Classroom training has come a long way in 40+ years because of technology.  First off the courses done via video with great follow-up by Mike to make sure the key concepts were fully understood, not just memorized.  Second is what technology has done to diving.  The last time a lot of time was spent on how to use dive tables—now a dive computer on your wrist will do that for you (and better).  The last time I was certified you spent time practicing buddy breathing—now you have a auxiliary regulator to help another diver.  And your Buoyancy Control Device (BCD) is attached to you air tank to make using it much simpler.

The pool training was fun.  It had been a long time since I had donned my scuba gear and gone under.  It also came back to me fairly well.  Clearing a mask, buoyancy control, and communicating with hand signals.  I don’t think I will ever forget the mental of image of Mike pointing to his head to mean “think before you do it”.  After the third or fourth time of doing a skill wrong (or more likely too fast) he was pointing to his head so hard I was worried that he would puncture his skull.  But it was all done with safety in mind—now, or more likely sometime in the future when Mike wasn’t around to remind you.  And that’s what I wanted.

Pier Trucks
On Board the Pier Tricks
The second day I was picked up at the Palms Resort and Hotel a little earlier by a mini-bus for the ~1 hour drive (with other pickups) to the Chalong Pier to meet up with Texas Mike and get on the dive boat.  The pier is quite long and there are trucks that shuttle you back and forth—it’s a little chaotic, but that’s part of the charm of Asia.  The boat had about 50 divers onboard and almost all were with a dive instructor or dive guide.  This made the chaos much more manageable.  There was no shortage of the food onboard, breakfast, lunch, drinks, fruit—all you could need or want.

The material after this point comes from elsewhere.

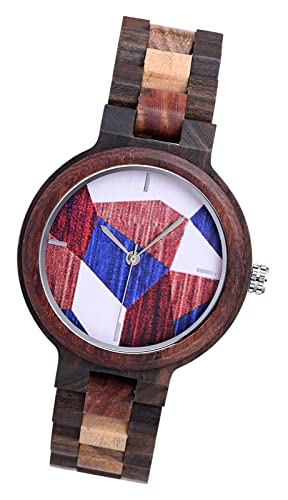 MicLee Herren Damen Einfach Holzuhr Natürliches Holz Zifferblatt mit Farbe Spleißen Holz Analog Quarzwerk Armbanduhr Für Frauen Männer Geschenke von MicLee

We chugged about 2 hours out to the Racha Islands for our three training dives.  In 2010 an extended period of warm (hot?) water bleached the coral, basically killing it all.  There were fish around, as well as white coral (with some beginnings of rebirth) so there was stuff to see.  There was also a sandy bottom, which was great for learning and testing.   Mike put us all through our paces and we learned and demonstrated many diving skills in our three dives.  At the end of the first day I think we felt good—sometimes a little frustrated, but we knew we were learning it the right way.

The next day pick up was a little earlier.  This time it was a different boat from Chalong Pier (the same chaos) and we headed out to the Phi Phi Islands (a three-hour trip each way).  After the first dive of the day we had demonstrated and passed everything—we were certified Open Water Divers.  That meant the next two dives were more about polishing our skills and enjoying diving, I ended up back at my hotel about 8:15 pm, a long but rewarding day.

So now I am a (re)certified diver.  I plan on diving again with Super Divers and Mike, next time with our friend Lisa when we head to Phuket with a group of American friends.  Next year it will be somewhere still to be determined with Peter and Trish, college friends.  So I am happy that I did it the way I did it with the instructor I got—no regrets in any way.